Obama’s plan, which he officially announced in his State of the Union address on Feb. 12, calls for investment in “critical resources where we know the return on our dollar is the highest: in our young children.” According to a White House press release, “this investment – financed through a cost-sharing model with states – will help close America’s school readiness gap and ensure that children have the chance to enter kindergarten ready for success.”
“In New York City, where 1 in 3 children are living in poverty and more than half of those children fail to read proficiently by third grade, the need to invest in early literacy promotion is dire,” said Lester. “It’s important for parents to know that they can make a huge difference in the school success of their children simply by reading aloud to them from a young age.”
Reach Out and Read is an evidence-based, national nonprofit organization that promotes early literacy and school readiness at regular pediatric checkups by giving new books to children and advice to parents about the importance of reading aloud in the home.
Reach Out and Read’s model includes providing a new, age-appropriate book for each child to take home at every checkup from 6 months through 5 years.
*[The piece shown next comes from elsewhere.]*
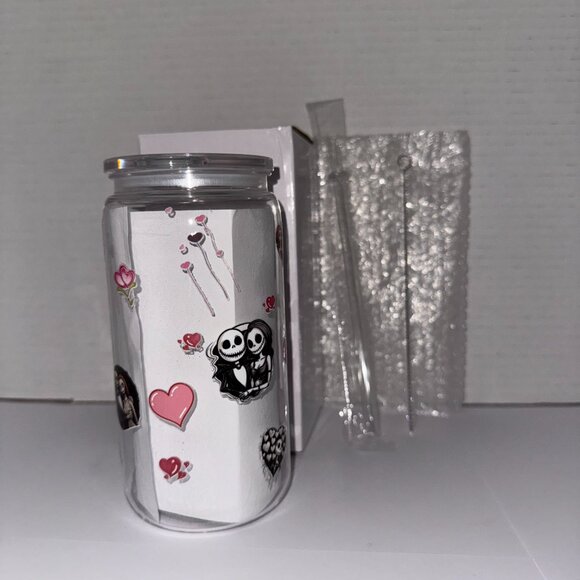 Halloween Wedding Themed 16 Oz Plastic Cup With Love Hearts - Picture 6 of 14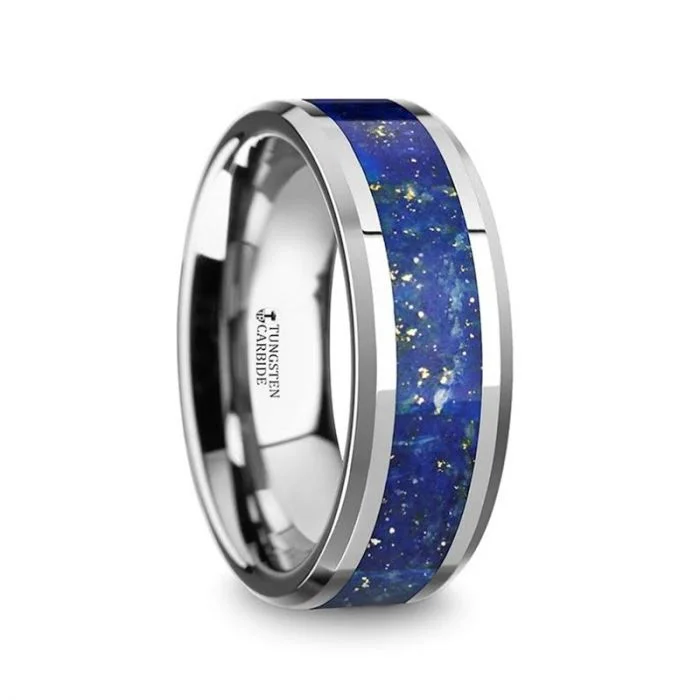 Men's sports - team logo rings for fansOSIAS Men’s Polished Tungsten Wedding Band with Blue Lapis Inlay & Beveled Edges Men's sports - team logo rings for fansOSIAS Men’s Polished Tungsten Wedding Band with Blue Lapis Inlay & Beveled Edges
Along with the free book for every child, doctors and nurses provide guidance to parents about the importance of reading aloud with their children every day. The program costs just $10 per year per child, or $50 per child for the full five-year program.
In the Greater New York region, Reach Out and Read serves over 250,000 children annually at more than 180 hospitals, health centers, and pediatric practices. Nationwide, Reach Out and Read doctors and nurses serve 4 million children and their families annually at nearly 5,000 locations, with a focus on those that serve low-income communities.